Start on a course marketplace like Udemy or Skillshare if you are creating your first online course and want built-in student traffic from day one. Build your own Teachable or Thinkific site in parallel if you want to own your student list, control your brand, and avoid high fee dependency long-term. Consider larger professional networks like LinkedIn Learning only after you have validated your content's demand and can meet their high production standards — the exposure is significant but the revenue share is often high and control is limited.

Side-by-Side Breakdown

Udemy/Skillshare (Marketplace Model): Udemy charges a 25% commission on sales you bring (using your instructor coupon) and 50% for organic Udemy sales. Skillshare offers a royalty pool based on watch time. Both provide high built-in organic traffic for various course topics. You have limited brand control, and the marketplace owns the student relationship and data. Teachable/Thinkific (Owned Platform Model): These platforms have monthly fees, typically $39–99/month for starter plans, plus standard payment processing (Stripe/PayPal at 2.9% + $0.30). You own the student list, brand experience, and content. You are responsible for driving your own traffic through marketing. LinkedIn Learning (Premium Network Model): Often involves a revenue-share agreement (e.g., 50% or more for them) rather than a direct fee structure for course sales. You gain access to a massive professional audience and significant credibility. However, there's brutal competition for attention, LinkedIn owns the student relationship, and strict content approval processes are required.

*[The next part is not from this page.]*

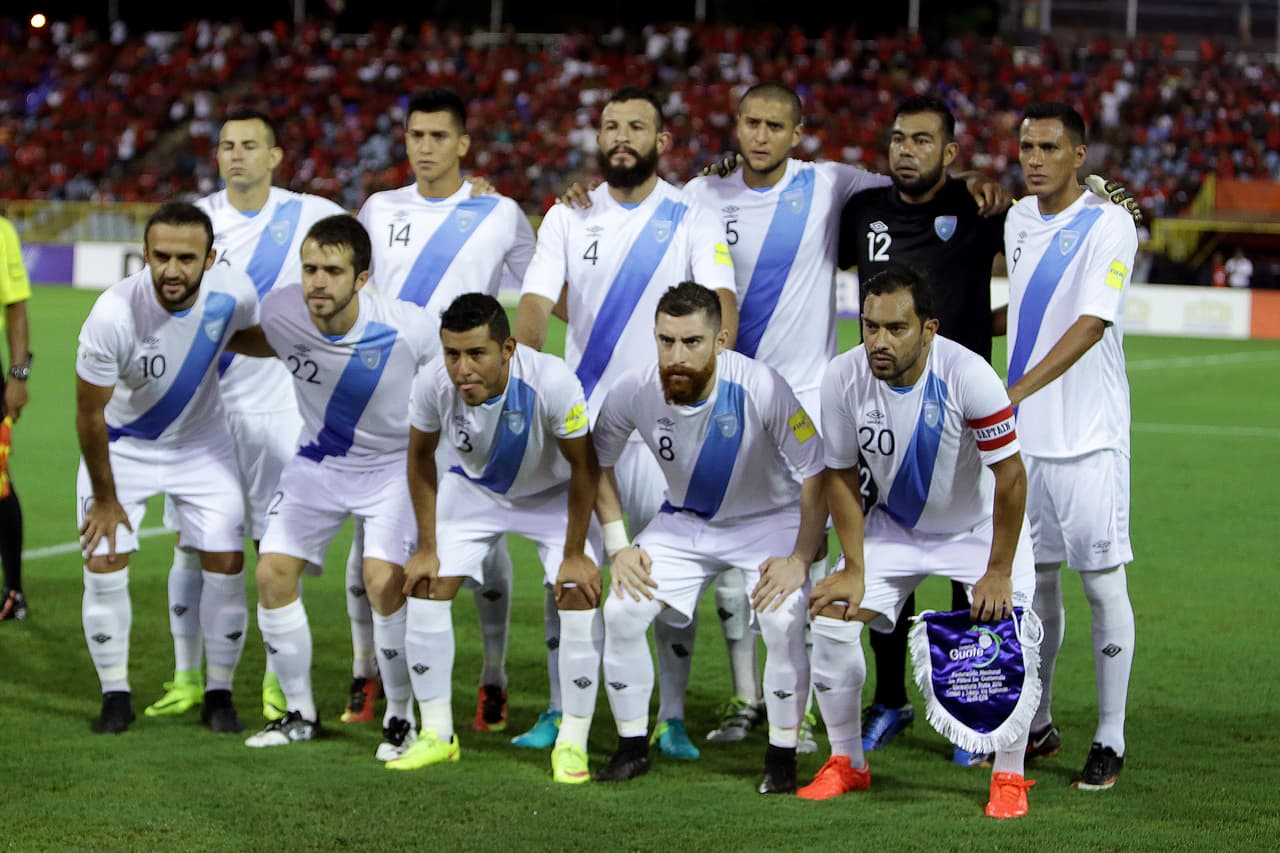 Guatemala's players pose for a team photo ahead of their FIFA World Cup 2018 qualifier football match against Trinidad and Tobago at the Hasely Crawford stadium in Port-of-Spain, Trinidad on September 2, 2016. / AFP / ALVA VIARRUEL (Photo credit should read ALVA VIARRUEL/AFP/Getty Images)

When to Prioritize Marketplaces (Udemy, Skillshare)

Marketplaces like Udemy or Skillshare offer the fastest path to your first student enrollment if you are new to online education. Millions of learners are already searching on these platforms for exactly what you teach — you inherit that traffic from day one without spending on ads. This is ideal for testing course topics, getting initial reviews, and validating demand for your teaching style. The trade-off is that you are building the marketplace's brand, not your own. They can change search algorithms, increase fees, or promote competitor courses. Treat these as lead generation and validation channels, not the foundation of your long-term education business.

When to Prioritize Owned Platforms (Teachable, Thinkific) or Professional Networks (LinkedIn Learning)

Build your own Teachable or Thinkific site once you have proven your course or coaching program has demand on a marketplace or through a small beta launch. Use marketplaces to learn which topics resonate and what students say in reviews, then invest in your own branded storefront. Your owned platform allows you to create course bundles, offer coaching packages, build an email list for future launches, and upsell premium programs without high platform commissions. LinkedIn Learning or similar large professional networks make sense if you are an established expert and can produce highly polished content that meets their stringent quality guidelines. While they offer immense exposure to a professional audience, at high revenue-share percentages (often 50%+) and less control over your student data, the math only works if your margins are strong and your primary goal is wide credibility rather than direct profit. Do not start on LinkedIn Learning before you understand their content requirements and the significant time investment needed.

The Verdict

A multi-channel strategy starting with a marketplace (Udemy/Skillshare) + an owned platform (Teachable/Thinkific) in parallel is effective for most new online educators and coaches. Marketplaces drive initial discovery and validation; your owned platform captures direct repeat students and lets you build an email list for direct communication and future launches. Over time, shift your marketing effort toward your own channels to reduce dependency on marketplace fees and algorithms. Add major professional networks like LinkedIn Learning as a third channel when your content quality and personal brand justify the operational overhead and revenue share for vast exposure.

How to Get Started

1. Udemy/Skillshare: Open an instructor account at udemy.com/teaching-start/ or skillshare.com/teach. You need 1-2 hours of high-quality video content, a complete course outline, and clear learning objectives before you launch. 2. Teachable/Thinkific: Start your free trial, select a clean, intuitive course theme, and mirror your validated course content. Set up email capture and a simple payment gateway (Stripe or PayPal) from day one to collect student leads. 3. LinkedIn Learning: Apply to become an instructor via their talent portal. Approval takes time and typically requires a portfolio of existing high-quality video content or an established professional presence demonstrating your expertise. Be ready for a structured content development and review process.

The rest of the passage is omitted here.